(Exercise requirements): Write out the records word for word, with no pictures.

- Opening Delimiter -

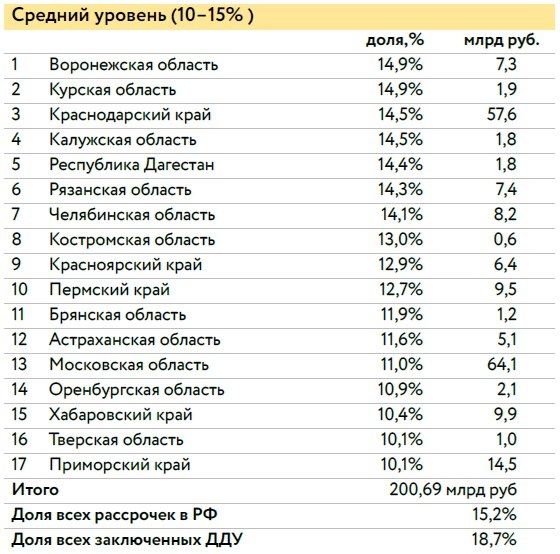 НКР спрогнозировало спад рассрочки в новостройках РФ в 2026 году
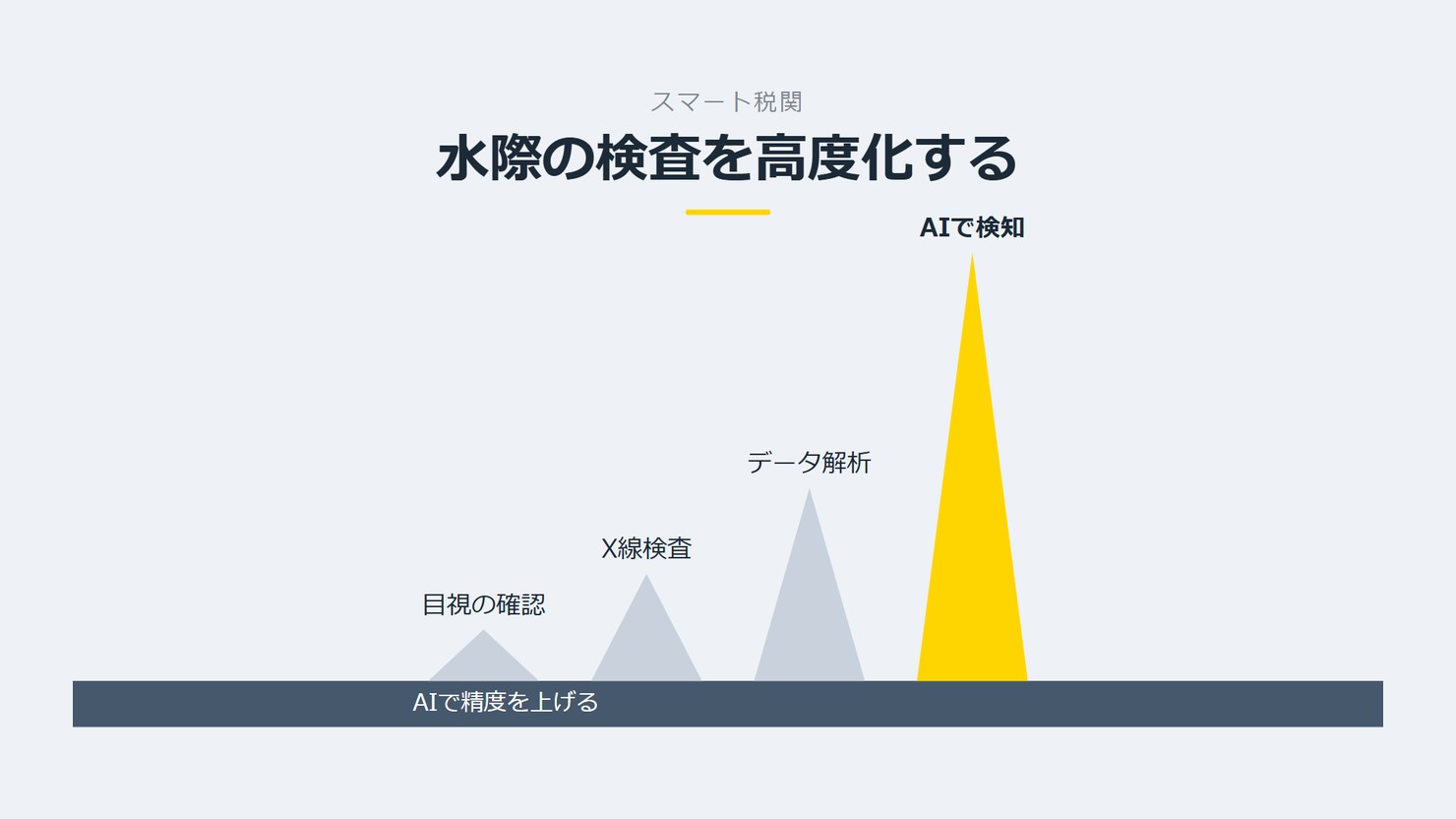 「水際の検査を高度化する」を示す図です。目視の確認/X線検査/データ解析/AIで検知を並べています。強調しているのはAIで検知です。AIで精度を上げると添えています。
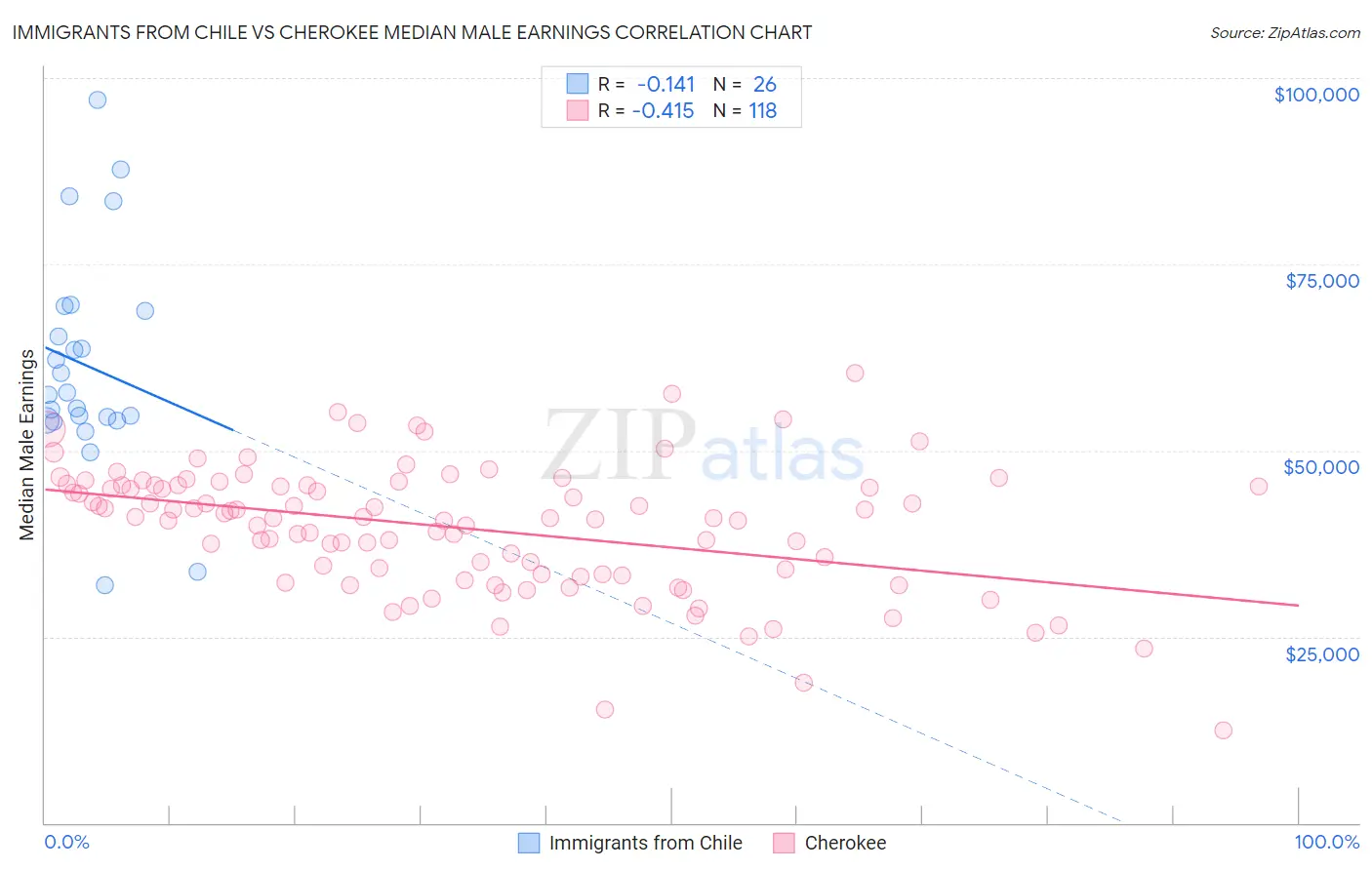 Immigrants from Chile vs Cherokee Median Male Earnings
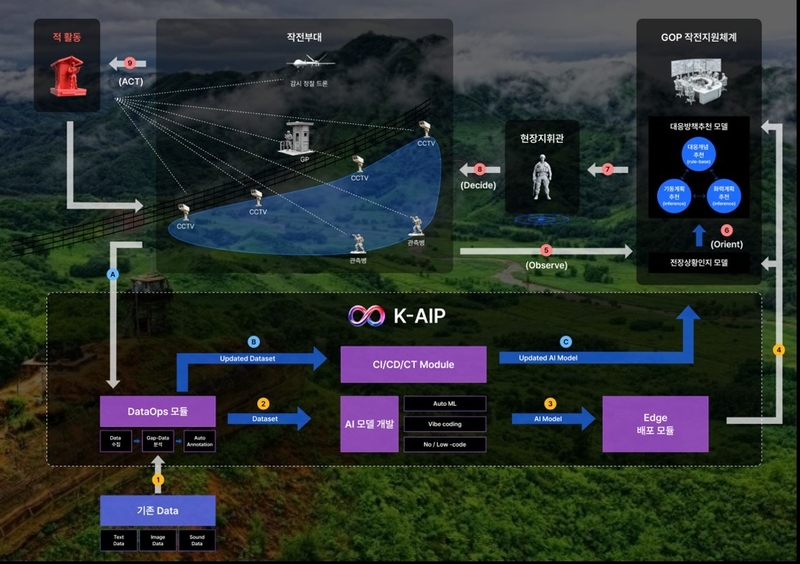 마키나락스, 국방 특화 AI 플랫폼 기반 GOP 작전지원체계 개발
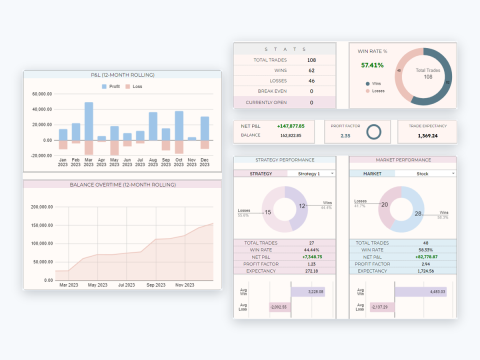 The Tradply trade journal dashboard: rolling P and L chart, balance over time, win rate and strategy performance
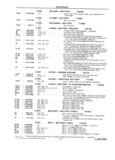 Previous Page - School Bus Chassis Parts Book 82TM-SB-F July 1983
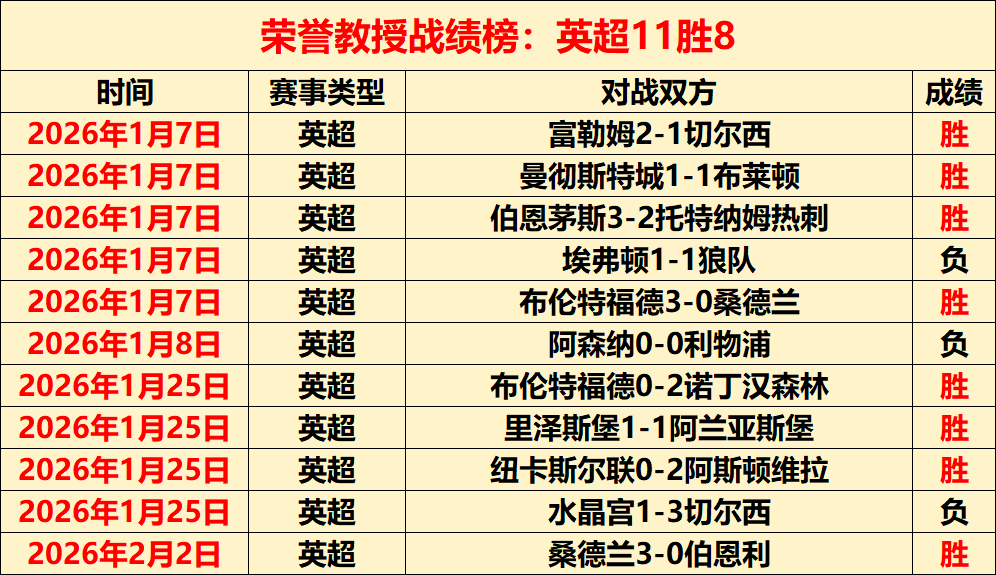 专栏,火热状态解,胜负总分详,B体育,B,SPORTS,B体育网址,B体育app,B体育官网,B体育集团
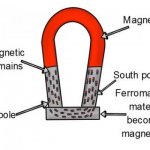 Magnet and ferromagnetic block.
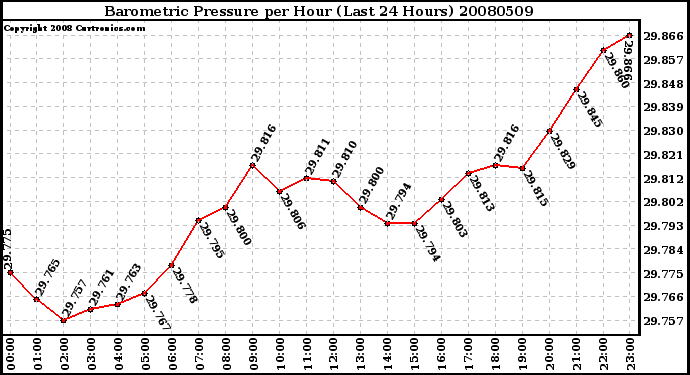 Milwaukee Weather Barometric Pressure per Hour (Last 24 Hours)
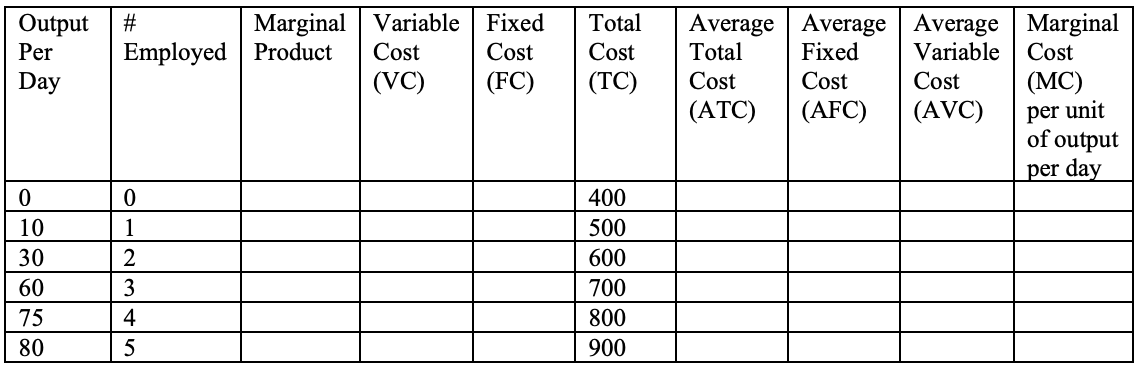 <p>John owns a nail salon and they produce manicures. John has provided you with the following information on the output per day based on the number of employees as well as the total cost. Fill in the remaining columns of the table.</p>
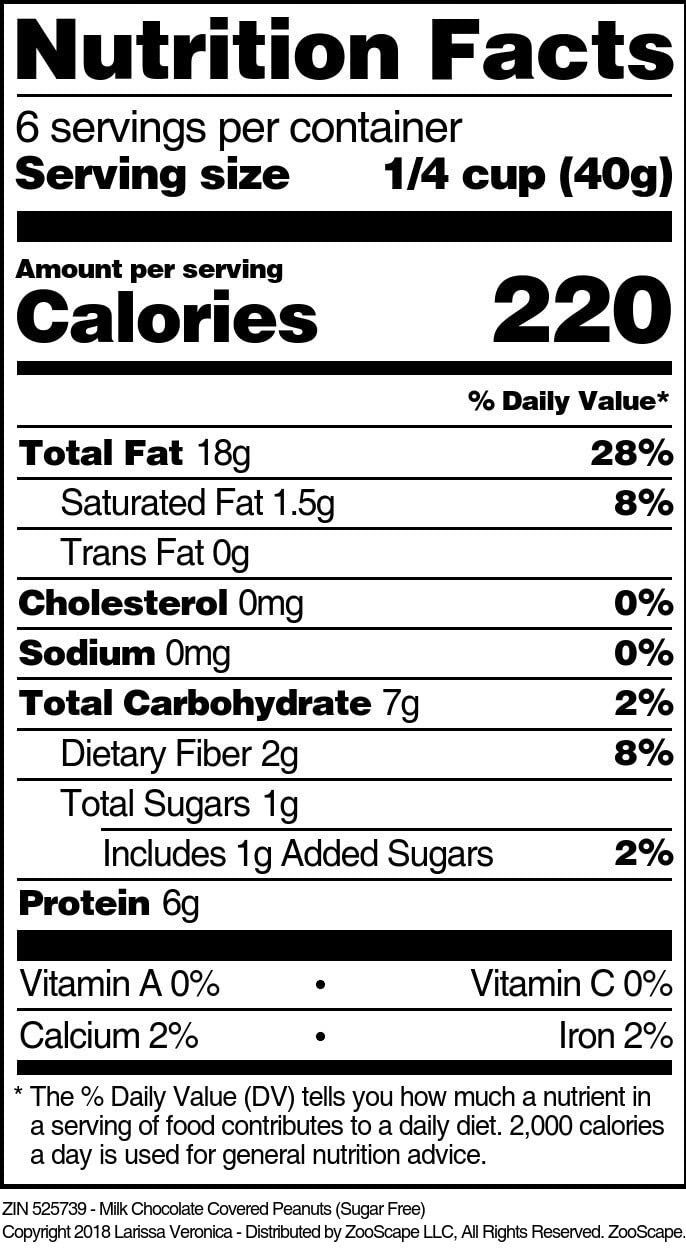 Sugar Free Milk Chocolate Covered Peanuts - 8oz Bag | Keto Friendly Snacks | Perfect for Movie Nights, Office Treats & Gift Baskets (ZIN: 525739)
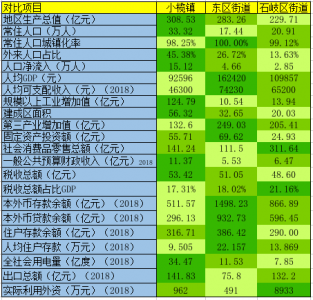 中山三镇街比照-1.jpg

- Closing Delimiter -

(Reply):
 НКР спрогнозировало спад рассрочки в новостройках РФ в 2026 году
 「水際の検査を高度化する」を示す図です。目視の確認/X線検査/データ解析/AIで検知を並べています。強調しているのはAIで検知です。AIで精度を上げると添えています。
 Immigrants from Chile vs Cherokee Median Male Earnings
 마키나락스, 국방 특화 AI 플랫폼 기반 GOP 작전지원체계 개발
 The Tradply trade journal dashboard: rolling P and L chart, balance over time, win rate and strategy performance
 Previous Page - School Bus Chassis Parts Book 82TM-SB-F July 1983
 专栏,火热状态解,胜负总分详,B体育,B,SPORTS,B体育网址,B体育app,B体育官网,B体育集团
 Magnet and ferromagnetic block.
 Milwaukee Weather Barometric Pressure per Hour (Last 24 Hours)
 <p>John owns a nail salon and they produce manicures. John has provided you with the following information on the output per day based on the number of employees as well as the total cost. Fill in the remaining columns of the table.</p>
 Sugar Free Milk Chocolate Covered Peanuts - 8oz Bag | Keto Friendly Snacks | Perfect for Movie Nights, Office Treats & Gift Baskets (ZIN: 525739)
 中山三镇街比照-1.jpg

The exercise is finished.